7. You shall not commit adultery. Ahh, the first of the many biblical reprimands on sex. The moral issue at hand here is not lying to the one you promised your life to. It has nothing to do with sticking a penis in a vagina, whether or not those two reproductive organs have bodies attached to them which possess a piece of paper stating said bodies are legally allowed to practice such enjoyable hobbies. This one could have been saved for the later one about covetousness, or atleast rolled into it, because the lie is the real immorality. The sex is just that sex, animals do it, hell most animals committ adultery as a rule. Ever heard of the alpha male? There's a reason why all the smaller lions practice fighting with each other. So they can one day fight off the head of the pride and take over all the newly available lionesses. Seems to me an omniscient being would have known that adultery is an issue of lying, not sex, just as covetousness is also an issue of lying, and such a great being would have known to roll those into one big don't lie commandment, freeing up a space for a commandment like say, don't abuse children. I can however see very clearly how a society which degraded the value of women such as we see in the bible could easily come up with that whole sex is bad, you should be punished severely for ever thinking it is more than the most sacred thing, thus including it in a set of timeless social rules. man how can anyone think the ten commandments are anything but manmade?
8. You shall not steal. Good, I agree. But as in the murder one a few back, I'm pretty sure mankind did not need to told in tablet form that stealing is bad and should be avoided. Infact, I'm equally sure that any society throughout history has had in place, non-biblical means with which todeal with thieves. Again, this seems a bit redundant, but a good rule nonetheless.
9. You shall not give false testimony against your neighbor. Again, a good rule, but lying is something which society at large is more than capable of dealing efficiently with. No need for god to write it down for us, even society back then was capable of self-regulation.
10. You shall not covet your neighbor's stuff. This one's a bit touchy. I mean what's wrong with wanting what your neighbor has? If you do something about that desire, something which would violate another of the commandments, then I can see the danger, but the simple desire itself seems a bit over-the-top. We all want our share. Consumerism is the basis of all progressive economies, including ours. Without products, people would not buy things. that in and of itself is not a bad idea. I kind of like the concept of self-suffiency. But to include it as one of the unbreakable moral codes of humanity is bit extreme. Seems, jealousy was high on the minds of the authors of the bible. I guess it's not a bad rule to have, but I for one have some reservations about it.
Now to the "other" set. the one no one ever talks about.
In exodus chapter 34, moses has to chisel two new stone tablets to replace the first set which were broken. On these tablets were written, by god (supposedly) the ten commandments:
Chapter 34:27 -28 "Then the lord said to moses " Write down these words, for in accordance with these words I have made a covenant with you and israel." Moses was there with the lord forty days and forty nights without eating bread or drinking water. And he wrote on the tablets the the words of the covenant --- the ten commandments."

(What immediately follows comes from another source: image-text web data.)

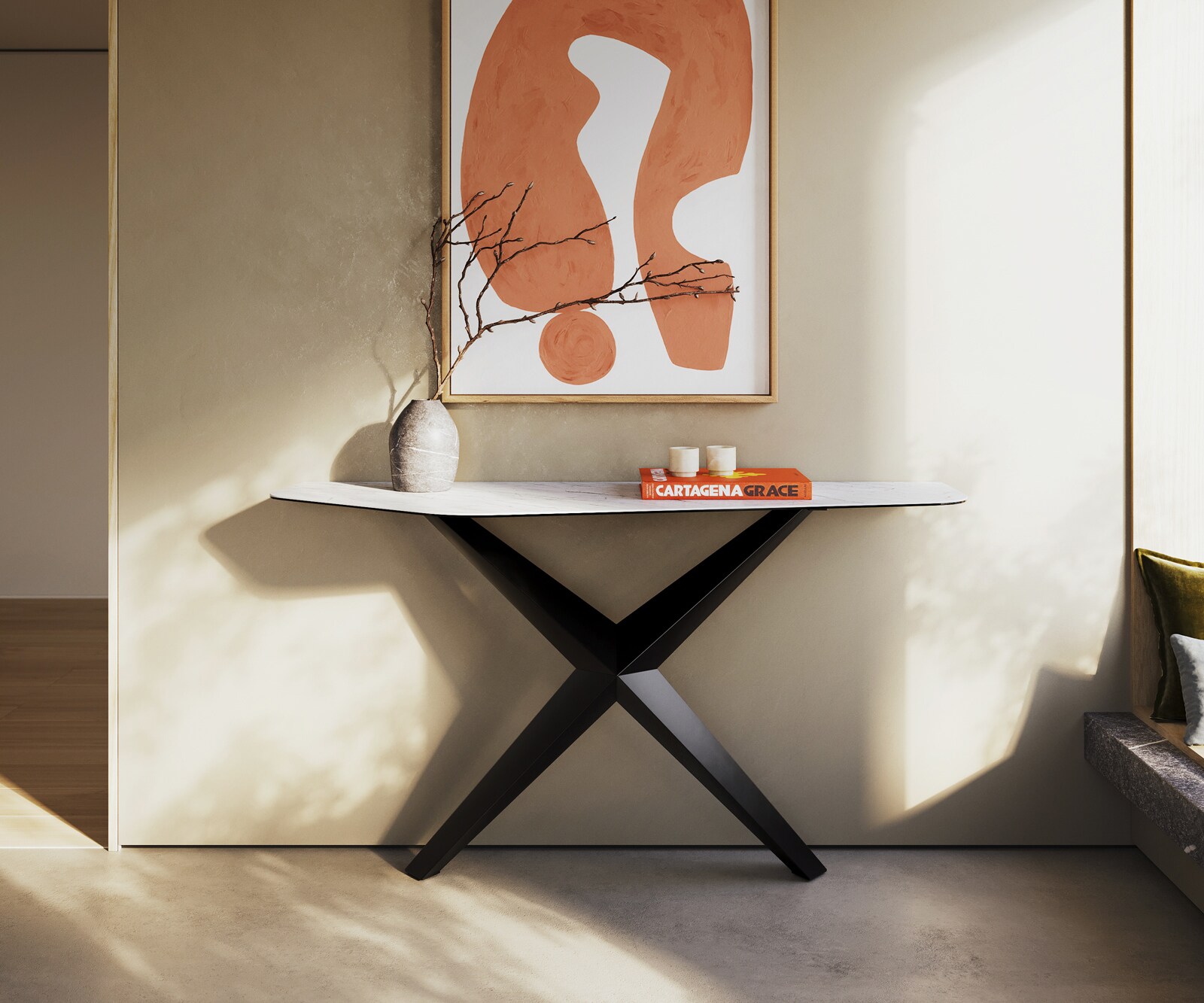 Konsolentisch Edge Polygonal 140x50 cm Keramik Laminam® Statuarietto Weiß Zentharo Metall Schwarz 1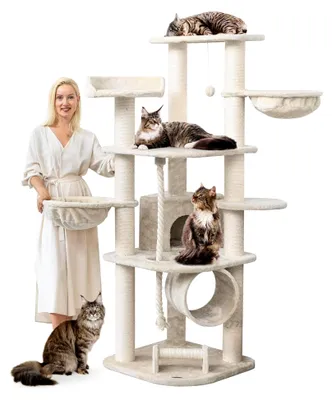 Produktbild von Stabiler Kratzbaum 'Parker' 171 cm - 11 cm Stämme, Haus & Spieltunnel, Große Liegemulden, Kratzrolle, Kletterbaum für Katzen, Creme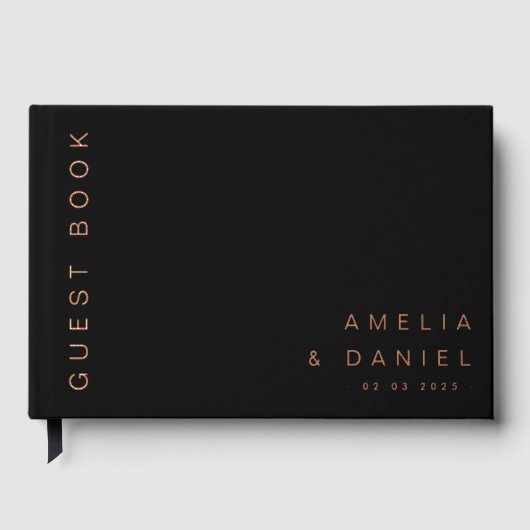 Modern zwart of elke kleur bruiloft namen datum fo gastenboek (Voorkant)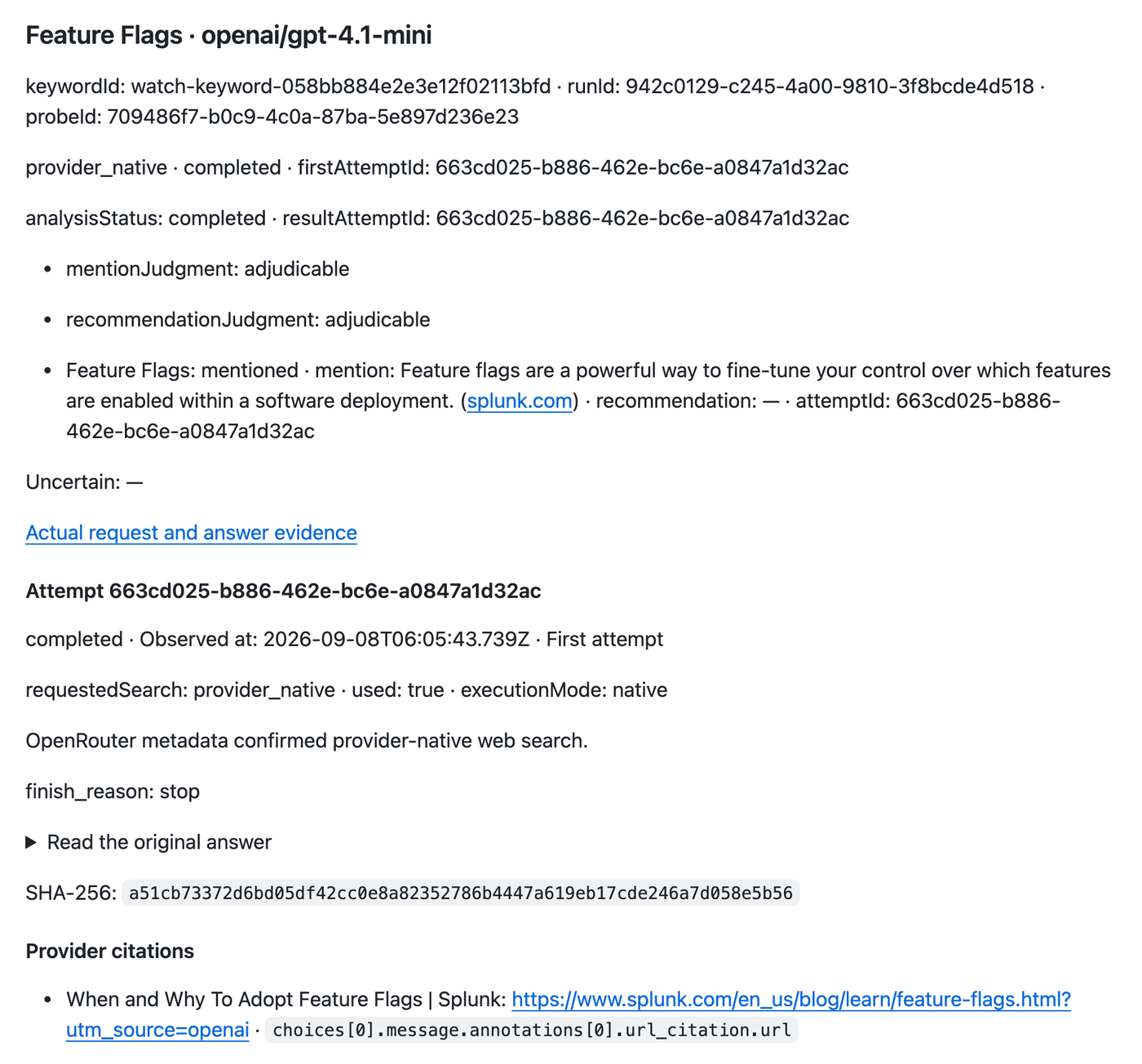NiubiGEO 포스트호그 사례의 Feature Flags · openai/gpt-4.1-mini 부분. 언급 문장 뒤에 splunk.com 링크가 있고, OpenRouter metadata confirmed provider-native web search 문구와 Provider citations 아래 When and Why To Adopt Feature Flags Splunk 주소가 보인다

1. Do not make cast Idols (34:17)
2. Celebrate the feast of unleavened bread (34:18)
3. The first offspring of every womb belongs to me, including all the firstborn males of your livestock, whether from herd or flock. redeem the firstborn donkey with a lamb, but if you do not redeem it, break it;s neck. redeem all your firstborn sons. (34:19)
4. No one is to appear before me empty-handed. (34:20)
5. Six days shall you labor, but on the seventh day you shall rest (34:21)
6. Celebrate the feast of weeks with the firstfruits of the wheat harvest, and the feast of ingathering at the turn of the year (34:22)
7. Three times a year all your men are to appear before the sovereign lord, the god of israel. I will drive out nations and enlarge your territory,and noone will covet your land when you go up three times each year to appear before the lord your god (34:23).
8. Do not offer the blood of a sacrifice with anything containing yeast (34:25)
9. Bring the firstfruits of your soil to the house of the lord your god (34:26)
10. Do not cook a young goat in it's mother's milk (34:26)
WOW!! This is such an awesome set of moral rules. How many times have I sat down to boil up a goat in it's mother's milk and thought to myself, ehhh, I better not do that, it's so wrong. Give me a break. I don't even need to go into how inane this new set of rules is, except to say, the bible itself, says these are the ten commandments, not those other ones from before, although at one point in the timeline those earlier ones were the covenant, but since the tablets were broken, they aren't anymore. These new ones are even better. So which set do you, Mr. Christian, adhere to? The first set which are morally either not, or obvious, without the hand of god needed at all; or the new set regarding cooking practices and feast celebration protocol?
The bible is just stupid.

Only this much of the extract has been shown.